I know for a fact that no one is reading this blog anymore. I myself have stopped writing in it. The reason is probably embedded in various excuses, but I suppose I tired of complaining or displaying my utterly mundane life with a butter knife.

But this post isn’t about that drivel!

I have started an experiment, a rather selfish one at that, but an experiment nevertheless. I am asking people for 11 words/thoughts/phrases. I’ll take them and compose a short piece of writing with it. In return, all I ask is that the person grades it.

It gives me practice and exercises my brain, but it’s also fun and so far, in my ten days of doing this, I have learned the definitions to at least 11 new words. It’s a pleasure.

I aim to have 365 of these and have 365 DIFFERENT people contribute their 11 words… challenge there too, seeing as I probably don’t know 365 people. But I’ll find them!

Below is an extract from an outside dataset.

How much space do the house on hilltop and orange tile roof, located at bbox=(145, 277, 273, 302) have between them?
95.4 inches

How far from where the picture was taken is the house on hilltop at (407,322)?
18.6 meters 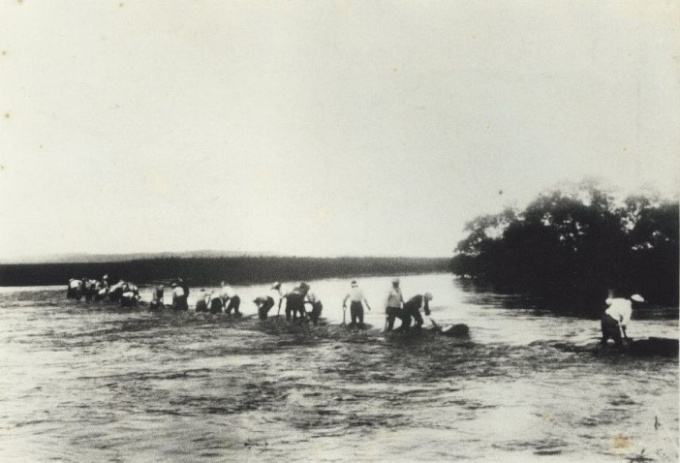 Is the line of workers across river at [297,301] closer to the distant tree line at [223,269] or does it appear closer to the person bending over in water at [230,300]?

Anyway, if you’re reading this and you haven’t already heard me go on about this project, please feel free to submit your 11 words here or on the project website via commenting.

Thanks in advance, as always.

Darbars shall be Darbars

October 28, 2007

“No.”

“Why!?”

“It’s too low.”

My sigh was far from gentle. I had gotten through five changes of clothes, and time was not abundant either. Plus, after six hours of driving, my patience was not exactly patient.

I slipped into the delicate white knitted top and stepped out.

“OK. That’s fine.”

Shoes were in a different circle of hell altogether. I finally walked out in the flattest pair I could find. Apparently he was on the shorter side of the spectrum.

I wished desperately for my sister.

My grandmother brushed my forehead with her lips and told me to be good. I smiled back saying I would be myself. She laughed and the sun peeked out of the shielded sky briefly, just to light up her sweet face.

“T, you always bring the rain.” My mother half grinned back at me as the garage door slid shut.

“Yes, the whole world is weeping with me.”

“No! It’s a good omen! It was raining the day you were born! Hush!”

I thanked the water drops for the lullaby as we drove between the hills of half charred trees. Unfortunately sleep itself was too self conscious to slap me.

A house is a structure. It is most defined, I think, by the scent that greets a guest.

This house was humble. There was no scent.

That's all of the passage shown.